PyTorch on Google Cloud. How to train PyTorch model on AI platform

PyTorch on Google Cloud. How to train PyTorch model on AI platform

PyTorch is an open source machine learning and deep learning library, mainly developed by Facebook, used in more and more use cases to automate machine learning tasks, such as image recognition, natural language processing, translation, recommendation systems, etc. PyTorch is mainly used for research. In recent years, it has also gained huge appeal in the industry due to its ease of use and deployment .

Google Cloud Artificial Intelligence Platform is a fully managed end-to-end platform for data science and machine learning on Google Cloud. Utilizing Google's expertise in artificial intelligence, the AI platform provides a flexible, scalable and reliable platform to run your machine learning workloads. The AI platform has built-in support for PyTorch through deep learning containers . These containers have been optimized for performance, tested for compatibility, and can be deployed at any time.

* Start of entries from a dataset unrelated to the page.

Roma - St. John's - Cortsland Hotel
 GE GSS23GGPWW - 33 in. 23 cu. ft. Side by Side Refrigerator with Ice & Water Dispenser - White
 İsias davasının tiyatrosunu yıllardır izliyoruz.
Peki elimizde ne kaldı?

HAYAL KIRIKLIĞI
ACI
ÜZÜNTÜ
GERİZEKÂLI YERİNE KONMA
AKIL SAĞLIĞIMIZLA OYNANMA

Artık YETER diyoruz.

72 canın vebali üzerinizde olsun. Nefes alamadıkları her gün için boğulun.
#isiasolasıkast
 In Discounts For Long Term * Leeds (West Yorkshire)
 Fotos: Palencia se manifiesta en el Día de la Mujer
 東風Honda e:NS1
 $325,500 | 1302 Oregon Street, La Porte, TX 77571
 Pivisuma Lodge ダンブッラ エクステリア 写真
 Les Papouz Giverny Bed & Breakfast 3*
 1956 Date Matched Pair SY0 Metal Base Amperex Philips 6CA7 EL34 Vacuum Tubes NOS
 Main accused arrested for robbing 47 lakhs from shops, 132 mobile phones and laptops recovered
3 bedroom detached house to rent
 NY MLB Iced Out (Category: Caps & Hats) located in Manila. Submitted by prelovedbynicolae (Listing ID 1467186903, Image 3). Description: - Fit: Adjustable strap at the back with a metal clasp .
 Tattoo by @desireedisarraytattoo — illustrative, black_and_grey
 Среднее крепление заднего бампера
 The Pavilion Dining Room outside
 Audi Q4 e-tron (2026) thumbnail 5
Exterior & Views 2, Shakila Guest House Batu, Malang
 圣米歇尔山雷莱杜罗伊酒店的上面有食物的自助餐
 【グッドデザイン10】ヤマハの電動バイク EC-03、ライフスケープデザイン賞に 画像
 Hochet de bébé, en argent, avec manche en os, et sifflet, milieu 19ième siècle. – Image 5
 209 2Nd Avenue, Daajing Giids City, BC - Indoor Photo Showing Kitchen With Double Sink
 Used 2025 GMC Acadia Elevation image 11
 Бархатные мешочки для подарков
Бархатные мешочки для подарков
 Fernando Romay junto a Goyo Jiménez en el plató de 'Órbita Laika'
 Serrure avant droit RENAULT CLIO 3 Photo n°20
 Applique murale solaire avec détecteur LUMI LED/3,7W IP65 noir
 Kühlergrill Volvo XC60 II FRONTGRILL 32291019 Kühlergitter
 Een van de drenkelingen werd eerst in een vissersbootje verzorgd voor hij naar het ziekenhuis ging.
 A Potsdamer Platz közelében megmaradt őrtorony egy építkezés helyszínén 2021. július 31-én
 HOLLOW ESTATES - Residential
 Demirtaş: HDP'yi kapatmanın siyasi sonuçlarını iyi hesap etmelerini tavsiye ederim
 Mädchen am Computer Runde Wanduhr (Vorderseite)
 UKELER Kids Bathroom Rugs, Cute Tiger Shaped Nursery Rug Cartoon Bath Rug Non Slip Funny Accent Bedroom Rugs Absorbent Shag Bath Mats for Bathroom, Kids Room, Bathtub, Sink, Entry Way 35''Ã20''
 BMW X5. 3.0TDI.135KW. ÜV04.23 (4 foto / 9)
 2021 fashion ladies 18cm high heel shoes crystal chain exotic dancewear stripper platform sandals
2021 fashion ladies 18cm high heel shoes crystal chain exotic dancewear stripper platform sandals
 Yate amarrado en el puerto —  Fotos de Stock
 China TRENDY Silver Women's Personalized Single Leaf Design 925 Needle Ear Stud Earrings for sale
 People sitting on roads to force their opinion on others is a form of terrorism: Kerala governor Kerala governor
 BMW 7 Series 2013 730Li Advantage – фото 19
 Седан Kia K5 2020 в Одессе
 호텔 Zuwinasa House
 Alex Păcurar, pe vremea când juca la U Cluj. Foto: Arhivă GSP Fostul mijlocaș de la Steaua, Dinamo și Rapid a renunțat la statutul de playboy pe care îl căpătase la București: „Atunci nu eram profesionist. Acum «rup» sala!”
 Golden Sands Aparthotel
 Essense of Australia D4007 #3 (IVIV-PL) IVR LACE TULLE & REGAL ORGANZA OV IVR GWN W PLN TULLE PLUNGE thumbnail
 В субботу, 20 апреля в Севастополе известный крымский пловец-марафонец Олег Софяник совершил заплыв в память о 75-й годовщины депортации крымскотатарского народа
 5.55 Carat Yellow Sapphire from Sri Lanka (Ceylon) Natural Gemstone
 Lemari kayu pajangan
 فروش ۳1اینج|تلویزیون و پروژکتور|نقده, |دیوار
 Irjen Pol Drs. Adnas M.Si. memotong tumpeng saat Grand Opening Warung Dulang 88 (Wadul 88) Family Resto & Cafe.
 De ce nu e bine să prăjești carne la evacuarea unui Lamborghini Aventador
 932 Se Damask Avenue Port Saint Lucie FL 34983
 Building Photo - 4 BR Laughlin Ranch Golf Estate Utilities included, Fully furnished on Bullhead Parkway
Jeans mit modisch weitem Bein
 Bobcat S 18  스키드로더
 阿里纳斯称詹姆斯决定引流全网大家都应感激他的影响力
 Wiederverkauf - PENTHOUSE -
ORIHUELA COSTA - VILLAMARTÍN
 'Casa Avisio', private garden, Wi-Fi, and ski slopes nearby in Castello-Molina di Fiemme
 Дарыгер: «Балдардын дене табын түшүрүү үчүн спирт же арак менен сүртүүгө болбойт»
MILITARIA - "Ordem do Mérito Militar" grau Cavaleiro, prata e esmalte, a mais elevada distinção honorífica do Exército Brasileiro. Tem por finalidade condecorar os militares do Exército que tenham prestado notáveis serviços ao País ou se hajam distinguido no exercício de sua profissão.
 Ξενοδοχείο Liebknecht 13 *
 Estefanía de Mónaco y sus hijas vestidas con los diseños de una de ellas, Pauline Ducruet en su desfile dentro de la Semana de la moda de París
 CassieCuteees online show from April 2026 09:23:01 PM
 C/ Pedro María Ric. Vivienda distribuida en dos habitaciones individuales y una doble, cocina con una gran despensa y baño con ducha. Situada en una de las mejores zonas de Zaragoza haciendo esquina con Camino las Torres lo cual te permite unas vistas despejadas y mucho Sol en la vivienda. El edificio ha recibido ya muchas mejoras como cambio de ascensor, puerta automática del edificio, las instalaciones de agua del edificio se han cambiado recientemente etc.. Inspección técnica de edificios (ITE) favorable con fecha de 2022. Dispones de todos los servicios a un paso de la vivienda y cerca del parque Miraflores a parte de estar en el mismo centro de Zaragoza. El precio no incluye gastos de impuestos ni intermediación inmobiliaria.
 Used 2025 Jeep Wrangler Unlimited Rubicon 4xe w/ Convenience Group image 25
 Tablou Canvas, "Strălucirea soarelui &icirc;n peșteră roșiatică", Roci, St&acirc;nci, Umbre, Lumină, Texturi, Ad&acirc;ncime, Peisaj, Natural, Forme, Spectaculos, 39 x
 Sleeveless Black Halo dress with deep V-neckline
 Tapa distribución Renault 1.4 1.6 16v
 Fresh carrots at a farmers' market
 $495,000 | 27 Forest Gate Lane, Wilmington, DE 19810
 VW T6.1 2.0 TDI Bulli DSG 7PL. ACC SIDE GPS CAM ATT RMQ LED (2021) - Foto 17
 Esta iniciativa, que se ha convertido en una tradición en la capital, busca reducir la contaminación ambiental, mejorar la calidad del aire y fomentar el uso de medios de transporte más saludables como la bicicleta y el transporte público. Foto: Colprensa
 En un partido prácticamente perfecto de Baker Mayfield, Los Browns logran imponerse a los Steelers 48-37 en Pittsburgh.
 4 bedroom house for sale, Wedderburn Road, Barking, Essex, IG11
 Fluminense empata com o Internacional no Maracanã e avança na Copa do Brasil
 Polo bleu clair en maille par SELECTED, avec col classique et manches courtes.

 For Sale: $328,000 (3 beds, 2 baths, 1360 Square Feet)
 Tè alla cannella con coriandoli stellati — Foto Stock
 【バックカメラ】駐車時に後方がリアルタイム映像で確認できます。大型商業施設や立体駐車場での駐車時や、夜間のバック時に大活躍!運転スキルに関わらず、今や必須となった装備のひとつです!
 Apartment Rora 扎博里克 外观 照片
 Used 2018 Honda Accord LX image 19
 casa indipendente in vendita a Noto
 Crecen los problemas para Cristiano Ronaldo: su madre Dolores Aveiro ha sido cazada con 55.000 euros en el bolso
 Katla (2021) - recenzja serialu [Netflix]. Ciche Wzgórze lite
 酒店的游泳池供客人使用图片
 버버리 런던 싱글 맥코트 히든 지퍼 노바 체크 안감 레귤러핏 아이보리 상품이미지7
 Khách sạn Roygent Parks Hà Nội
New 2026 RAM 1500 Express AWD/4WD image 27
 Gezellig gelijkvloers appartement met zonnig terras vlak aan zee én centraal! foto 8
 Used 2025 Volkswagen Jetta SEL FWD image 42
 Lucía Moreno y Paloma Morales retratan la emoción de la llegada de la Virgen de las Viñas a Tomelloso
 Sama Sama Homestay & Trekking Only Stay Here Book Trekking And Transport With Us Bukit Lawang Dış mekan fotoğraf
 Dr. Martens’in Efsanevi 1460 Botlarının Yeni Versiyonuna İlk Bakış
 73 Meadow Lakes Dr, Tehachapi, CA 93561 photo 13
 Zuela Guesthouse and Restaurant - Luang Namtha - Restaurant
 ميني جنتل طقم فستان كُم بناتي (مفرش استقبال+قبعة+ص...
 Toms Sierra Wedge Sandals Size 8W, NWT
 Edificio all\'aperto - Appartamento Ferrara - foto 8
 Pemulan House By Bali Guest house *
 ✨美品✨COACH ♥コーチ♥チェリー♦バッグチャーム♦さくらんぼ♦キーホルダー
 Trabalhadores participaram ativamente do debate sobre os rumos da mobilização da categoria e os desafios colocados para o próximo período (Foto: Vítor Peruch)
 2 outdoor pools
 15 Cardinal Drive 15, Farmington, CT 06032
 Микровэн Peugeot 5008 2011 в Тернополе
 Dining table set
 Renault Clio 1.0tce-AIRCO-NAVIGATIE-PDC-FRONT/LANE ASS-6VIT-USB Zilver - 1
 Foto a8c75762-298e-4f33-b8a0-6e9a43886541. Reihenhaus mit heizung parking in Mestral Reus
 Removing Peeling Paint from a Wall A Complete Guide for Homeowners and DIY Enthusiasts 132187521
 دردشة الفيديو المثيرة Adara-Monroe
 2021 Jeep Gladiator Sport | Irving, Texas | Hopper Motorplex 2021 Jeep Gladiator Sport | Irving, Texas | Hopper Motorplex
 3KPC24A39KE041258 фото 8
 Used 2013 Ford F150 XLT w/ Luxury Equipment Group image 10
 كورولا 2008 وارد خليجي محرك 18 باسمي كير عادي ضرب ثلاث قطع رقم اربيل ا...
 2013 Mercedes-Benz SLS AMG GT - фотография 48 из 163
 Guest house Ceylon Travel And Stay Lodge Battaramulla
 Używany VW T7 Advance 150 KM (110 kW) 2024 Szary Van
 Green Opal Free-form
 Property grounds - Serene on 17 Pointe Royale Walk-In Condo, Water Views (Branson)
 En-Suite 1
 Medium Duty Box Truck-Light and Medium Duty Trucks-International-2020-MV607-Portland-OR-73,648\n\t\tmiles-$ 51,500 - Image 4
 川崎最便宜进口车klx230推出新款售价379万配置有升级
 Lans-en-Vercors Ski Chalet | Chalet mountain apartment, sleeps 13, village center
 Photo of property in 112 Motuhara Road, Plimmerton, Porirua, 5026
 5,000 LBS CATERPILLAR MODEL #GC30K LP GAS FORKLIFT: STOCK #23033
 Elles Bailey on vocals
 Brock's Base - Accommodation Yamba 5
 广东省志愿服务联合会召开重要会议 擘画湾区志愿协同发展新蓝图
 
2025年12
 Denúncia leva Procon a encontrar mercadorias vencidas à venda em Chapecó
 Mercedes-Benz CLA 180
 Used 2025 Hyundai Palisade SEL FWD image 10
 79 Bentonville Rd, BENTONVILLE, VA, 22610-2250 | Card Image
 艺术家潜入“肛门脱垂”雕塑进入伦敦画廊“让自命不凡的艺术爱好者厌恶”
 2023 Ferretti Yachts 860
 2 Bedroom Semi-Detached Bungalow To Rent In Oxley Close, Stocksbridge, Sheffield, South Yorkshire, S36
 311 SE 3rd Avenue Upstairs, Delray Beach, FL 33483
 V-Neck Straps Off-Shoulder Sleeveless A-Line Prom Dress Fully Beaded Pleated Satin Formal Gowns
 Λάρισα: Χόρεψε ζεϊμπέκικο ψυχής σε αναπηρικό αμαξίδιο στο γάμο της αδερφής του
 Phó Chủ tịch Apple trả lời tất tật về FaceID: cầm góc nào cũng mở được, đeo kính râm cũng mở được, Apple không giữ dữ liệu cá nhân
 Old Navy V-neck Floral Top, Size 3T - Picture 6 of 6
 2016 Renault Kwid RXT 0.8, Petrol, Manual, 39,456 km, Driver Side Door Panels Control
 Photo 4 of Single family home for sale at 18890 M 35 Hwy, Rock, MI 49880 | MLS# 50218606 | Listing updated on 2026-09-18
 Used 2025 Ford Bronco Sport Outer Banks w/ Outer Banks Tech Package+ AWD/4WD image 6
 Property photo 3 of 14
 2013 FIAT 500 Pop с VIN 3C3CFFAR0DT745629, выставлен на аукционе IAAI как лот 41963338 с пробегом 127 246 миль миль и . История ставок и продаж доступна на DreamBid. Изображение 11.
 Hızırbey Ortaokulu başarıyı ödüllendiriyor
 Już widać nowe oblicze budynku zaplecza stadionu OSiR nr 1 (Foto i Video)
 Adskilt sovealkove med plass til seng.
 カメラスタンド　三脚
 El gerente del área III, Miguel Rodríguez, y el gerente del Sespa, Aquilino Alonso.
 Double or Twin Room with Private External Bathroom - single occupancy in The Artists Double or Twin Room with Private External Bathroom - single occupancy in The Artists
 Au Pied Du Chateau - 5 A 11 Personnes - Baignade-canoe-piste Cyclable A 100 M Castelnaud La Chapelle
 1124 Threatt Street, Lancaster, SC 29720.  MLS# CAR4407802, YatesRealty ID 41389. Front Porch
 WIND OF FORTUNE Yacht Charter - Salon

In this new series of blog posts "PyTorch on Google Cloud", we aim to share how to build, train and deploy PyTorch models on a large scale and how to create a repeatable machine learning pipeline on Google Cloud.

Why use PyTorch on Google Cloud AI platform?

The cloud AI platform provides flexible and scalable hardware and secure infrastructure to train and deploy PyTorch-based deep learning models.

  • Flexibility . The AI platform notebook and AI platform training provide flexibility. You can design your computing resources to match any workload, while the platform manages most of the dependencies, networks, and monitoring. Spend your time building models instead of worrying about infrastructure.
  • Scalability . Use pre-built PyTorch containers or custom containers to run your experiments on AI platform notebooks, and extend your code by training models on GPU or TPU and using the high availability of AI platform training.
  • Security . The AI platform utilizes the same global-scale technical infrastructure and aims to provide security through Google's entire information processing life cycle.
  • Support . The AI platform works closely with PyTorch and NVIDIA to ensure top compatibility between the AI platform and NVIDIA GPU, including PyTorch framework support.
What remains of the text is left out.